→ **THE TASK**
Produce a faithful copy of the data, one that leaves out the pictures.

Start of RECORDS SUPPLIED

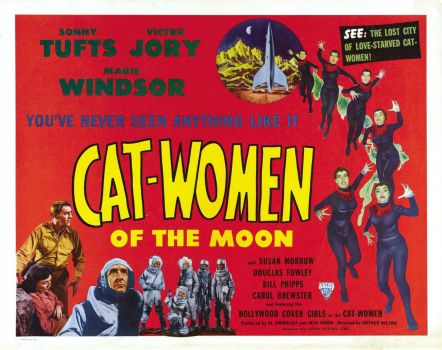 Cat Women of the Moon 1953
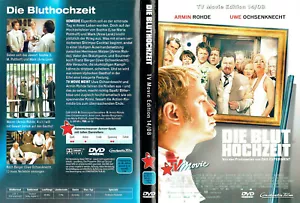 (DVD) Die Bluthochzeit - Armin Rohde, Uwe Ochsenknecht, Arne Lenk, Julia Schmidt - Bild 1 von 1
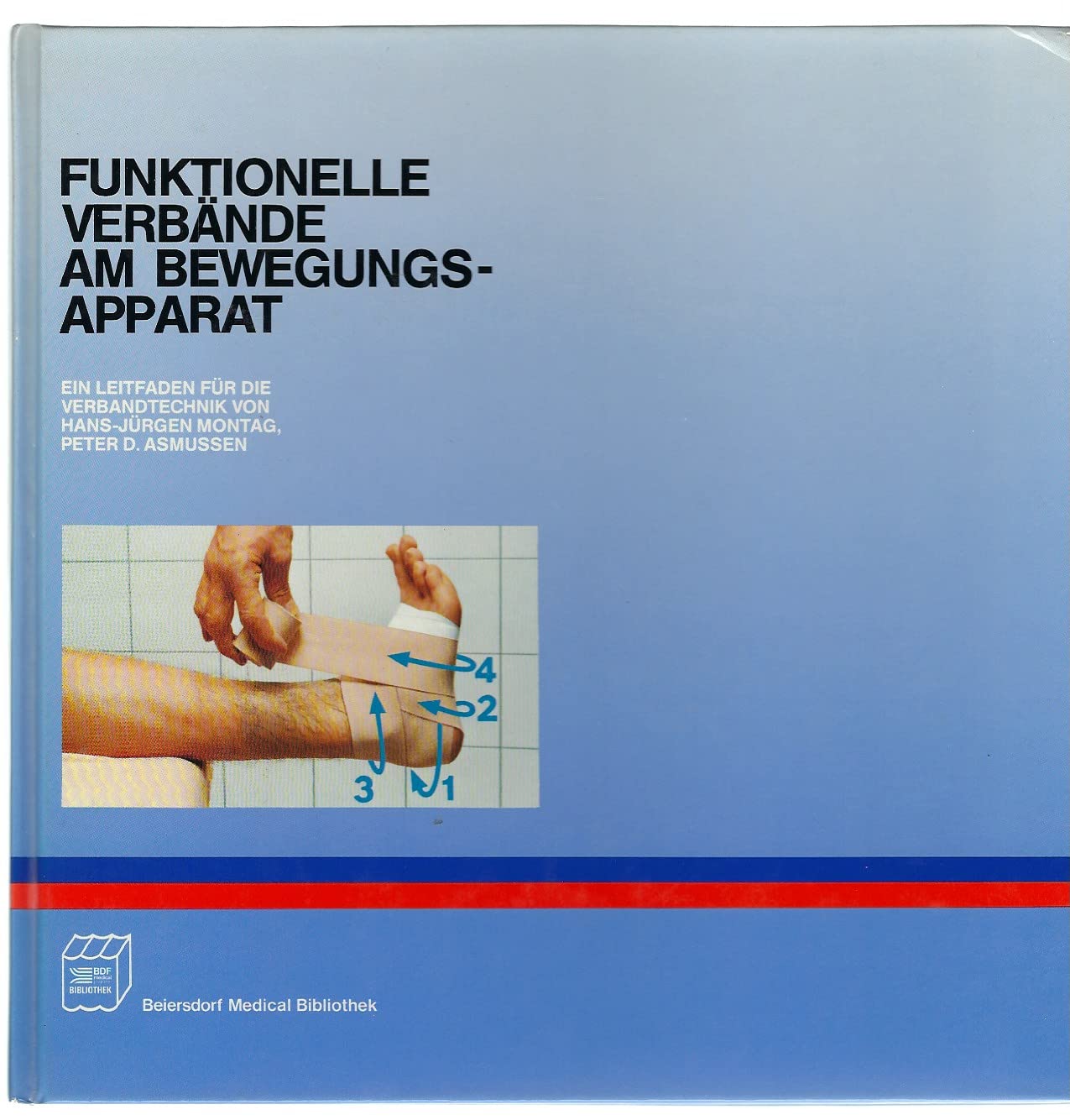 Funktionelle Verbände am Bewegungsapparat Books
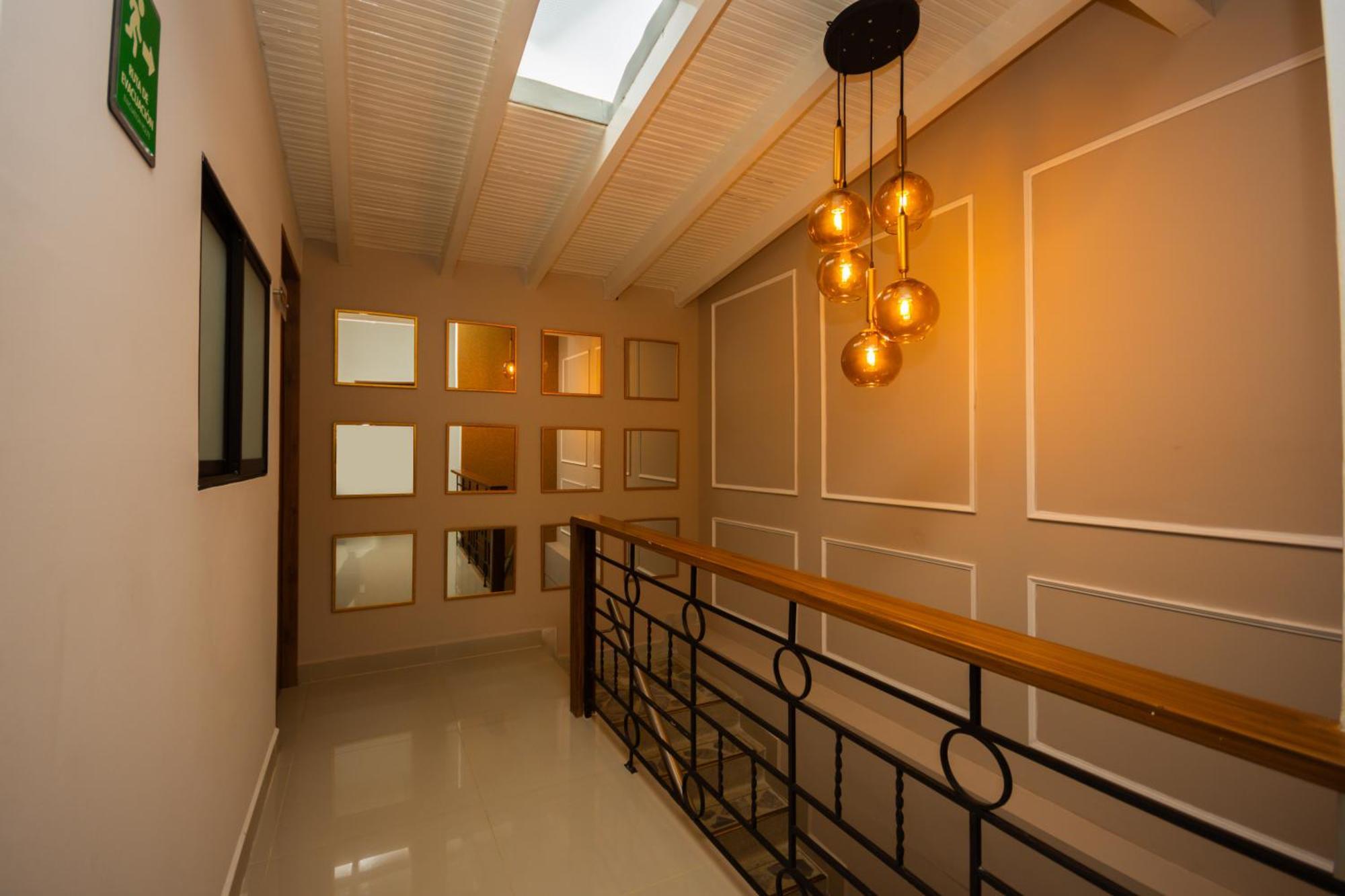 Naiot Hotel Boutique Medellin Exterior photo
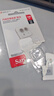 闪迪（SanDisk）128GB TF（MicroSD）内存卡 A1 U1 C10 至尊高速移动版存储卡 读速140MB/s 手机平板游戏机内存卡 实拍图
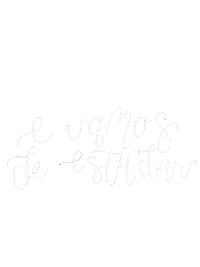 studingforachel lettering line estudar studingforachel Sticker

End of RECORDS SUPPLIED

→ **ANSWER SPACE**
 Cat Women of the Moon 1953
 (DVD) Die Bluthochzeit - Armin Rohde, Uwe Ochsenknecht, Arne Lenk, Julia Schmidt - Bild 1 von 1
 Funktionelle Verbände am Bewegungsapparat Books
 Naiot Hotel Boutique Medellin Exterior photo
 闪迪（SanDisk）128GB TF（MicroSD）内存卡 A1 U1 C10 至尊高速移动版存储卡 读速140MB/s 手机平板游戏机内存卡 实拍图
 studingforachel lettering line estudar studingforachel Sticker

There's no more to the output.